甲子園の風BACK NUMBER
地方強豪が全国の強豪になるには?
聖光学院で考える甲子園ベスト8の壁。
text by
田口元義Genki Taguchi
photograph byKyodo News
posted2013/04/03 10:30
スタンドに礼をした後、引き上げる聖光ナインたち。約4年間、県内公式戦負け無しの誇りと責任をもって、夏の大会で再びベスト8の壁に挑んでほしい。
たった3点ではある。
しかし、この3点にこそ、聖光学院の新たな可能性が秘められていた。
敦賀気比との準々決勝。0対9と大量リードを許した8回だった。
1死一塁から1番・八百板飛馬の二塁打で二、三塁とチャンスを広げると、2死後、3番・園部聡の2点タイムリー二塁打、4番・佐藤昌平のレフト前安打で一挙3点を奪う。
試合には3対9で敗れたが、斎藤智也監督は試合後、8回の攻撃を称え、このように試合を振り返った。
「『お前たちは打てないよ』とずっと煽ってきたことで、選手たちも意気に感じてくれていました。ワンサイドゲームになってしまいましたし、力の無さを感じましたけど、8回に3点を取ることができましたから。(敗色濃厚の展開を)精神力でカバーしながら我慢強く、粘り強く戦ってくれました」
盗塁やバントで相手を揺さぶりながら、着実に1点を積み重ねる――。これまでの聖光学院であれば機動力野球を身上とし、大量リードされている試合でも1点を確実に取りに行くケースが少なくなかった。
それが、敦賀気比戦では0対9から強攻策に打って出たのだ。
小技を駆使する以前のスタイルは“弱者の兵法”だった。
負けを確信しての作戦ではない。チャンスの場面で上位打線に回ってきた巡り合わせもあっただろうが、このような場面で強打を展開したのは、春夏合わせて12回の甲子園で得た教訓があったからだ。
明豊に0対20と大敗を喫し、屈辱を味わった初出場の'01年夏。
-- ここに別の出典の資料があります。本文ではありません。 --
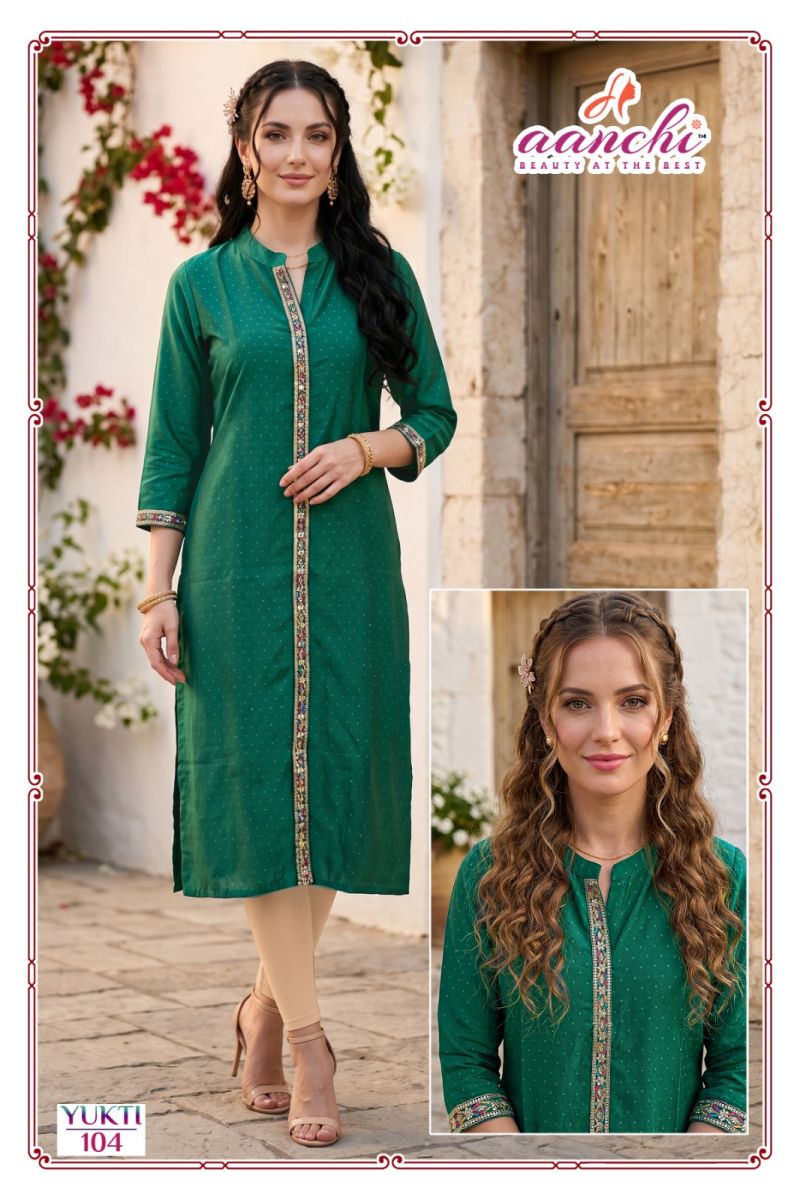 Aanchi Yukti Rangila Silk Embroidered Fancy Kurti Catalog — Wholesale Kurti Pant Set, Vardan Ethnic wholesale from Surat — Photo 5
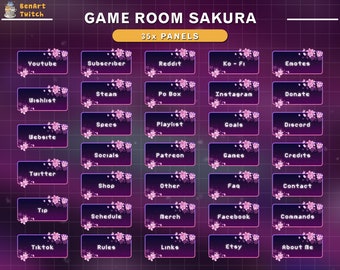 Twitch Panels Cherry Blossom PC Room,  Aesthetic Lo-fi Pink Sakura Game Room Stream Panels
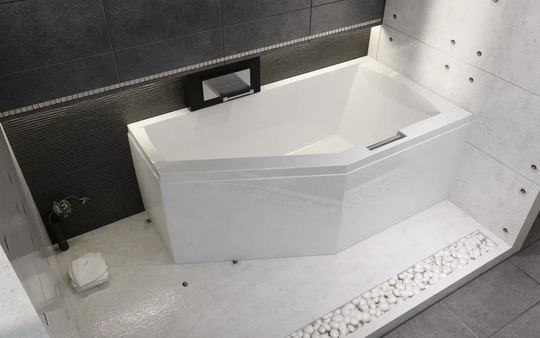 RIHO Acrylic Corner Bathtub Left GETA 170X90 Cm With Integrated Handle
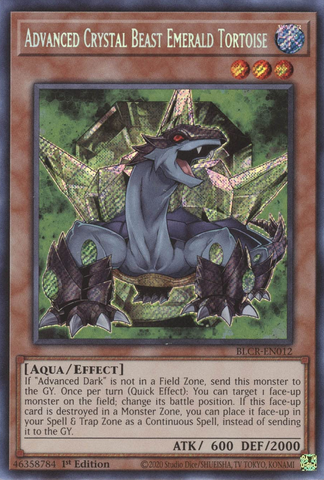 Advanced Crystal Beast Emerald Tortoise [BLCR-EN012] Secret Rare - Yugioh Cards For Your TCG Needs!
斎藤監督いわく、「あの頃は、まだ弱かった」という。
だからこそ、打順に関係なく送りバントや盗塁、ヒットエンドラン、スクイズなど小技を駆使して確実に1点を取る野球を確立する必要があったのだ。
斎藤監督は、その理由についてこう話してくれたことがある。
「選手の力がないなかでも甲子園に連れて行ってやりたい。だから、1点に対するこだわりを大事にしていく必要があった。あの時代の野球は正しいと自信を持って言えるよ」
1点にこだわる野球は、'04年夏、'07年夏にベスト16という成果を生み、聖光学院の名を全国区にまで押し上げるなど結実する。